After entering g, space has been reserved for c and d but we see that this space is still populated with values stored there during the execution of f, the addresses that were stored in a and b.

: ...            :          ---->       : ...            :
+----------------+           ·+         +----------------+           ·+
| main caller RA |  8         :         | main caller RA |            :
+----------------+                      +----------------+
| main caller FP |  0         main      | main caller FP |            main
+----------------+                      +----------------+
| spilled regs   |            :         | spilled regs   |            :
| in main ...    | -16 SP     :         | in main ...    |            :
+----------------+           ·+         +----------------+           ·+
| RA for f call  |                     *| return addr    |  8         :
+----------------+                      +----------------+            :
| FP from f call |                     *| saved FP       |  0
+----------------+                      +----------------+            g
| 0x1234...      |                      | c = 0x1234...  | -8
+----------------+                      +----------------+            :
| 0x5678...      |                      | d = 0x5678...  | -16        :
+----------------+                      +----------------+           ·+

When we come to calculate our stack maps, we must tell the garbage collector that there are no live pointers here at this time.

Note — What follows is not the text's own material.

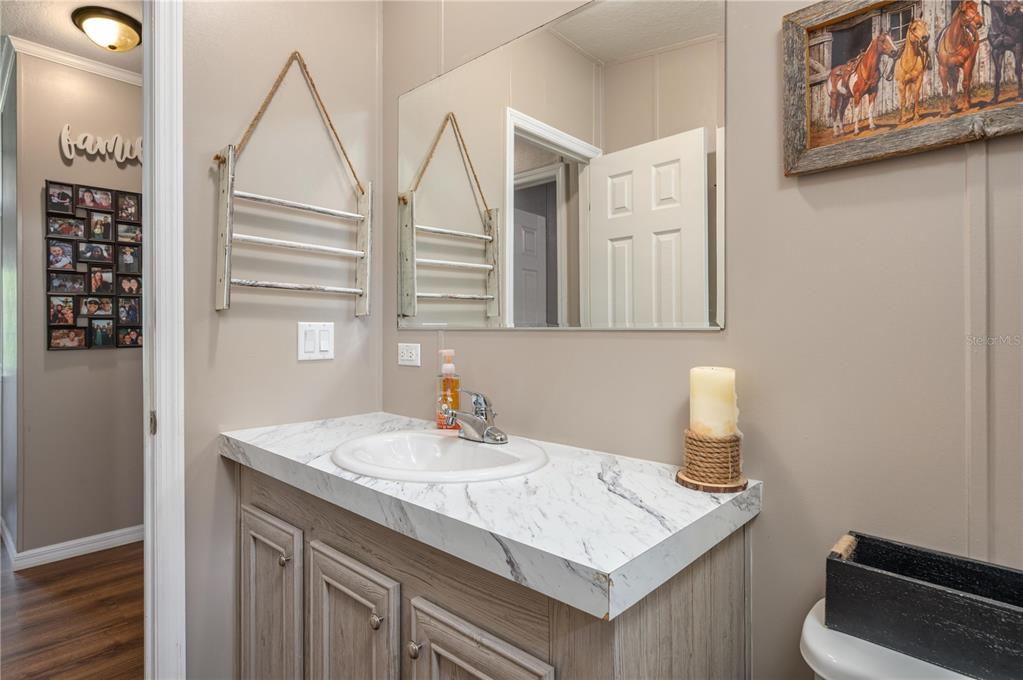 15079 Brahma Road Polk City, FL 33868 - Photo 27 of 40 a bathroom with a sink a vanity and a mirror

After executing the line let c: *Pt = new Pt {5, 6}; , the space allocated for c contains a live pointer, and the space for d still contains the invalid junk (the old b).

: ...            :          ---->       : ...            :
+----------------+           ·+         +----------------+           ·+
| main caller RA |            :         | main caller RA |            :
+----------------+                      +----------------+
| main caller FP |            main      | main caller FP |            main
+----------------+                      +----------------+
| spilled regs   |            :         | spilled regs   |            :
| in main ...    |            :         | in main ...    |            :
+----------------+           ·+         +----------------+           ·+
| return addr    |  8         :         | return addr    |  8         :
+----------------+            :         +----------------+            :
| saved FP       |  0                   | saved FP       |  0
+----------------+            g         +----------------+            g
| c = 0x1234...  | -8                  *| c = 0xcccc...  | -8
+----------------+            :         +----------------+            :
| d = 0x5678...  | -16        :         | d = 0x5678...  | -16        :
+----------------+           ·+         +----------------+           ·+

And finally after executing let d: *Pt = new Pt {7, 8};, the junk in the spot reserved for d is overwritten.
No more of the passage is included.